Sri Wahyuningsih mengungkapkan, bahwa kasus kekerasan anak dan perempuan
selama masa pandemi yang dilaporkan UPTD PPA mengalami kenaikan. Dimana 97 persen kasus itu korbannya adalah kekerasan terhadap anak.

“Kemudian dari anak ini bahwa 94 persen jenis kasusnya korbannya adalah anak. Jenis kasus tindak asusila cabul maupun seksual.
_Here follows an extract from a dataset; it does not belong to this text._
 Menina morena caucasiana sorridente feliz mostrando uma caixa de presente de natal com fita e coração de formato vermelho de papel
Entah dilakukan suka sama suka atau menjadi korban dari orang-orang yang tidak bertanggung jawab,” paparnya.

Dengan melihat kondisi inilah, maka Dinas Pemberdayaan Perempuan, Perlindungan Anak dan Keluarga Berencana (DP3AKB) Kota Balikpapan berupaya untuk meningkatkan kompetensi sumber daya manusia (SDM) lembaga penyedia layanan perempuan dan anak korban kekerasan, melalui pelatihan manajemen kasus.
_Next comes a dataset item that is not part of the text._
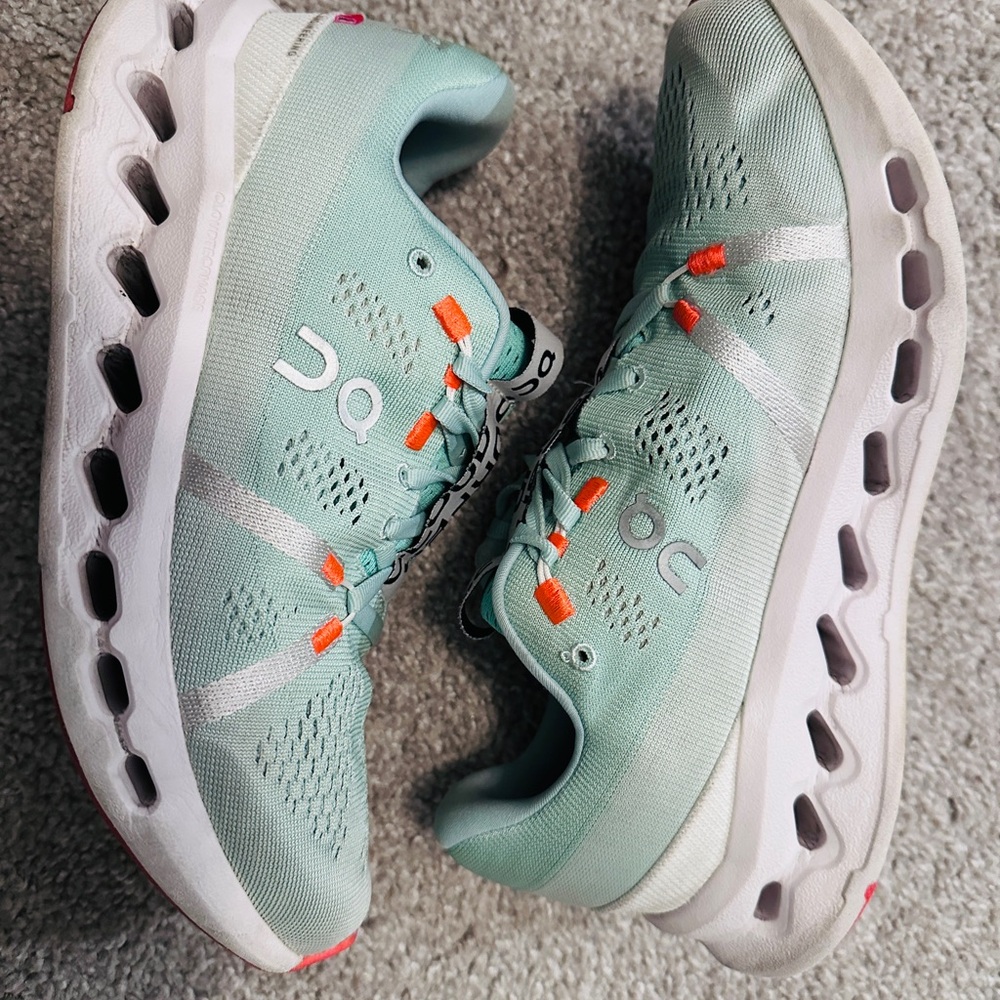 On Running Cloudstratus Shoes in Mint and Orange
“Sasaran dari pelatihan kali ini adalah lembaga penyedia layanan perempuan dan anak korban kekerasan. Seperti UPTD PPA, penyidik yang selama ini berkecimpung dalam kasus kekerasan anak dan perempuan Polres, Polda Kaltim, Bapas dan Kejaksaan,”tegasnya.

Adapun narasumber dari pelatihan, katanya, adalah pakar hukum pidana yang selama ini menjadi saksi ahli terhadap kasus kekerasan perempuan dan anak.

Kegiatan manajemen ini mengambil materi mengenai asusila cabul karena ternyata banyak sekali aduan masyarakat mengenai kasus tersebut.

“Kalau mengadukan asusila cabul yang tidak sampai pada penetrasi itu ternyata oknum pelakunya lepas dari jeratan hukum. Karena pihak penyidik selalu berada pada ilmunya bahwa minimal dua alat bukti harus terpenuhi,” jelasnya.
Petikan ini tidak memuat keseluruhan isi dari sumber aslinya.